» GIVEN DATA:
*** Begin section ***
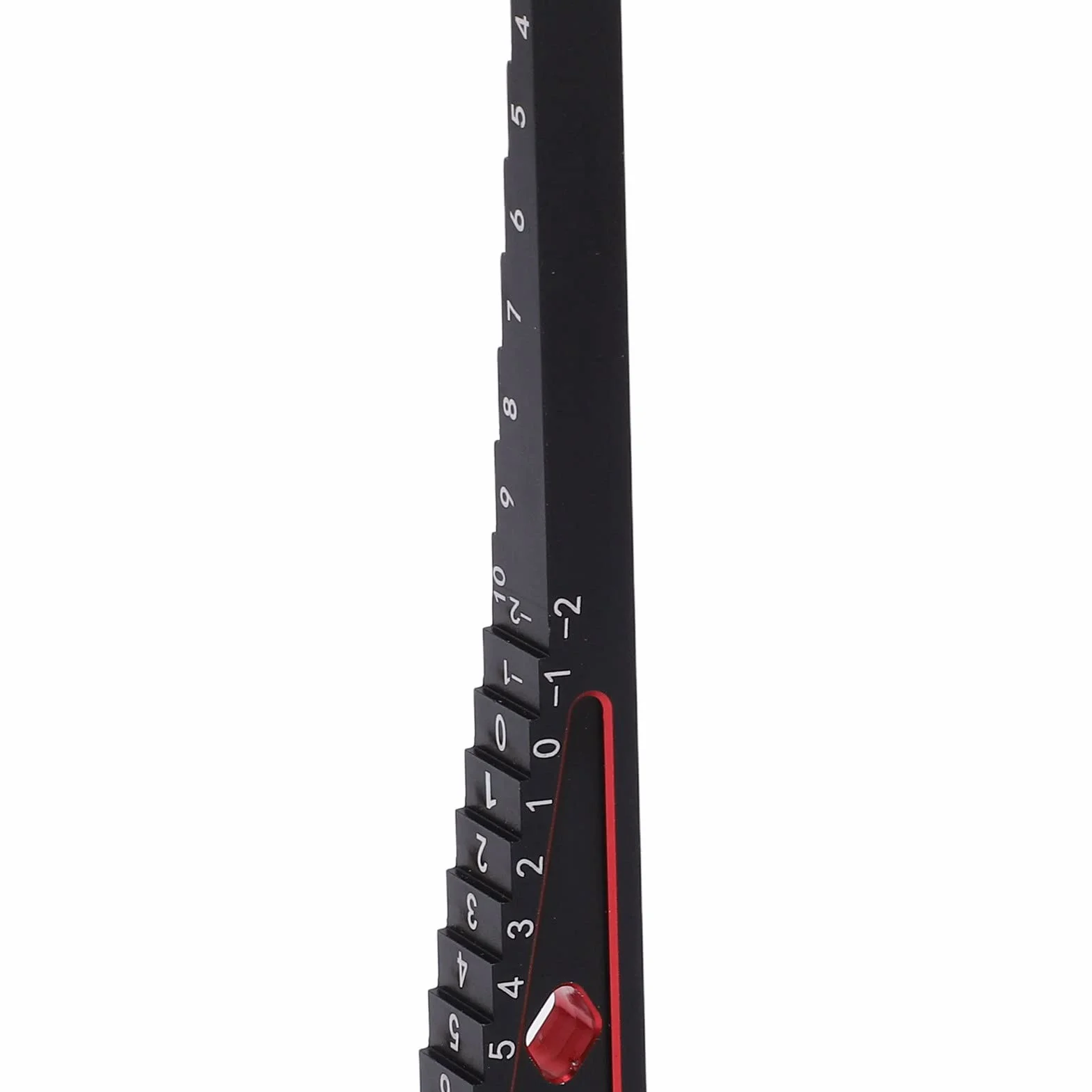 Misuratore di Altezza RC, Precisione Alta, Adatto per Auto RC 1/8 1/10, Lega di Alluminio Nero Rosso, for Modellismo, DIY, Personalizzazione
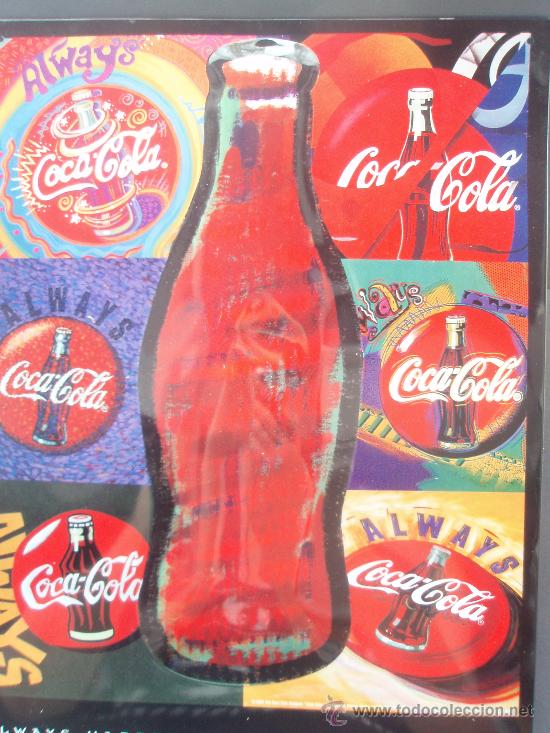 Coleccionismo de Coca-Cola y Pepsi: Rara placa de Coca Cola   dificil - Foto 1
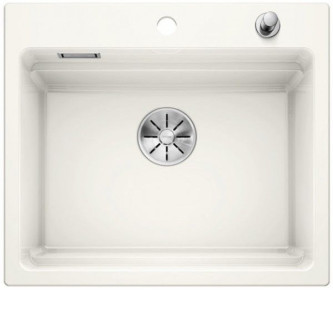 Кухонная мойка Blanco ETAGON 6 PuraPlus глянцевый белый керамика 525156 Кухонная мойка Blanco ETAGON 6 PuraPlus глянцевый белый керамика 525156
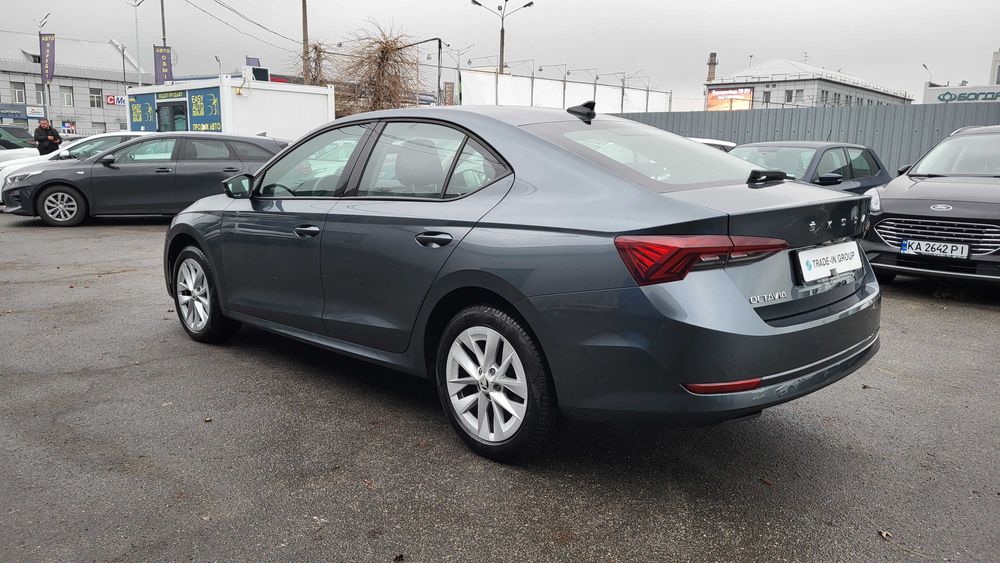 Авто Skoda Octavia A8 2021 1.4tsi Style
*** End section ***
» WORK INSTRUCTIONS:
Repeat only the lines between the start of the data and the line with "керамика 525156 Кухонная", including those two lines, and skip the pictures.

» TASK SOLUTION:
 Misuratore di Altezza RC, Precisione Alta, Adatto per Auto RC 1/8 1/10, Lega di Alluminio Nero Rosso, for Modellismo, DIY, Personalizzazione
 Coleccionismo de Coca-Cola y Pepsi: Rara placa de Coca Cola   dificil - Foto 1
 Кухонная мойка Blanco ETAGON 6 PuraPlus глянцевый белый керамика 525156 Кухонная мойка Blanco ETAGON 6 PuraPlus глянцевый белый керамика 525156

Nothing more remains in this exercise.